== WORK TASK ==
Please return every line of the material verbatim and skip any images.

== SUPPLIED DATA ==
------------------------------------------------------------------------

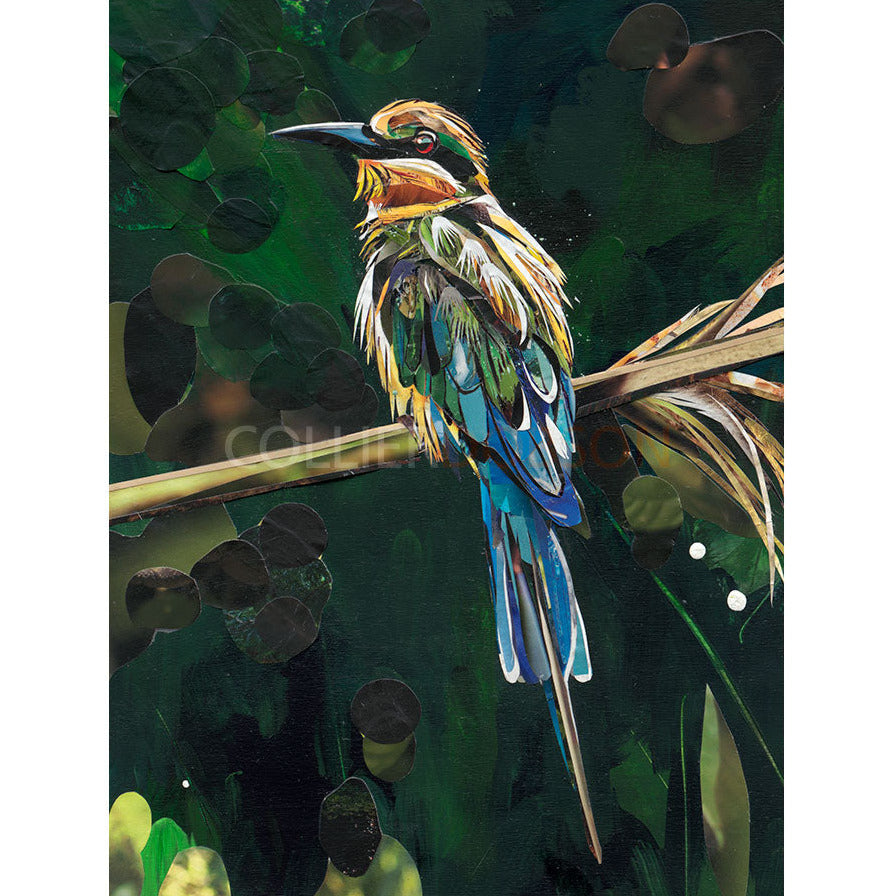 Paradise Limited Edition print by Sarah Jackson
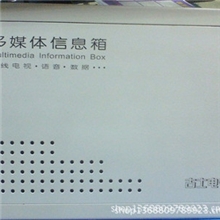 供应乐清多煤体箱200*300*100铁厚04/08家用入户箱/配电箱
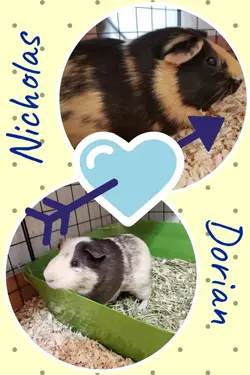 dorian&nicholas.webp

------------------------------------------------------------------------

== WORKED SOLUTION ==
 Paradise Limited Edition print by Sarah Jackson
 供应乐清多煤体箱200*300*100铁厚04/08家用入户箱/配电箱
 dorian&nicholas.webp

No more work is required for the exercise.